Travail de deuil et de ritualité

Raymond Lemieux

«Un rituel de funérailles ne peut certes se substituer au long travail de deuil* qui s'effectue dans la vie quotidienne. Il représente cependant un moment fort de ce travail, un temps de condensation et de déplacement de l'émotion. Il en officialise l'expression et en prend charge collectivement.» (op. cit, p. 12)
Dans son sens le plus ancien, le mot liturgie - du grec leitos (public) et ourgos (travail) - désigne aussi un travail pour le peuple, un service d'État. Dans les siècles précédant l'arrivée du christianisme, ce service à la communauté comportait deux secteurs spécialisés: le culte de la divinité et le génie militaire.
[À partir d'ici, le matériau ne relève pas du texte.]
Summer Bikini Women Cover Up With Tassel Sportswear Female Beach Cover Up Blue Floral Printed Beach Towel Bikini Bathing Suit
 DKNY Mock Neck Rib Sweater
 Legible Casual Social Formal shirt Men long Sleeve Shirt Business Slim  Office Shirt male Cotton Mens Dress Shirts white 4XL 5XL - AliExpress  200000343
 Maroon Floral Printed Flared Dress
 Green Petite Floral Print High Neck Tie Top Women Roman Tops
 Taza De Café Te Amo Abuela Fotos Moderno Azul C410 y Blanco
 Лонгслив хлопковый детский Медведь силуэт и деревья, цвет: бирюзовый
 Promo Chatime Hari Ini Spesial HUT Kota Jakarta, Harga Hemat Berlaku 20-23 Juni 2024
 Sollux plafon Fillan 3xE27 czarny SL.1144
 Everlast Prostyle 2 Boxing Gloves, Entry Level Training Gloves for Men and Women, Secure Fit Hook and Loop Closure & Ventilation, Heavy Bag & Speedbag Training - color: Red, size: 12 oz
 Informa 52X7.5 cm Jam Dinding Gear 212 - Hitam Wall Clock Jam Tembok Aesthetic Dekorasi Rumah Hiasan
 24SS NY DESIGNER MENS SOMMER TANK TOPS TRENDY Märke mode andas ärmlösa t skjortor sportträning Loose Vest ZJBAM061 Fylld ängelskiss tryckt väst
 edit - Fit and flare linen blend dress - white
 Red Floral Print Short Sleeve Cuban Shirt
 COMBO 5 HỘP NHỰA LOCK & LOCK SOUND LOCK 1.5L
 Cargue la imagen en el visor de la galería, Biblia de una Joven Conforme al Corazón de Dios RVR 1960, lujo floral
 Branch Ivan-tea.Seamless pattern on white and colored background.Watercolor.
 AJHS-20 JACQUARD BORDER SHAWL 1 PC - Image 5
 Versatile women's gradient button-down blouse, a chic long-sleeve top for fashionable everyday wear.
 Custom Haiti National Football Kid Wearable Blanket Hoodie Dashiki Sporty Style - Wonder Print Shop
Les citoyens riches et en vue pouvaient s'y adonner, par exemple, en recrutant un choeur pour la célébration d'une fête ou en armant un navire pour la défense du port. Plus tard, en régime chrétien, la liturgie a formé le principal mode d'éducation du peuple, une éducation qui ne consistait pas seulement à assurer «la rencontre des hommes et de Dieu» mais à rendre visibles les normes sociales , exprimer l'ordre la civilisation et l'éthique nécessaire aux rapports des humains les uns avec les autres. Quand Charlemagne et ses successeurs, par exemple, uniformisent la liturgie de leur Empire, alors que chaque région a jusque-là développé ses manières (gallicane, romaine, wisigothes, mozarabe) de célébrer les fêtes et rites chrétiens, c'est bien qu'ils entendent donner à l'Empire carolingien une assise culturelle commune. [...] Ciment de la communauté et ferment de la conscience identitaire, le «travail» liturgique comporte ainsi nécessairement, une importante dimension sociale, voire politique.

[...]

Quelqu'il soit un rituel pose la question de la communauté célébrante. Pour être signifiants, les mots et les gestes qui y sont posés doivent être facilement reconnaissables pour ceux qui y participent. Ils doivent donc, pour cela, appartenir à un groupe humain. Mais en même temps que la communauté s'y affirme en ce qui l'unit, le sujet doit pouvoir s'y reconnaître dans sa singularité. Un rituel représente un espace symbolique dont l'enjeu, ainsi posé, est l'inscription de la singularité dans un langage commun qui devient, pour celle-ci, acceptable et porteur de sens. Le rituel appartient à la communauté mais chacun doit pouvoir y inscrire sa dramatique propre, soit celle-là même de sa vulnérabilité et de sa blessure.

[...]

Dans les sociétés sécularisées d'aujourd'hui, les rituels funéraires sont en pleine mutation. Les confessions religieuses ne peuvent plus en assurer le contrôle exclusif depuis qu'elles sont confrontées à la dispersion de leurs membres et à l'éclatement des représentations de sens. Le sens est désormais géré dans une logique de marché qui privilégie non pas l'entente communautaire mais la satisfaction des individus. Dans le pluralisme qui en est la conséquence, aucune entente préalable ne peut plus être présumée parmi les endeuillés. même s'ils parviennent d'une même lignée familiale et sont rassemblés au nom d'une blessure commune. Le marché offre à chacun des produits de toutes provenances, aussi bien empruntés aux traditions qu'inventés sur place. Cela, certes, n'enlève rien aux enjeux de vulnérabilité et de confrontation aux limites que représente l'expérience de la mort. Mais cela explique la diversité des demandes désormais adressés aux thanatologues, entrepreneurs spécialistes de la gestion du deuil, comme aux représentants des communautés de foi traditionnelles sollicitées dans de multiples directions.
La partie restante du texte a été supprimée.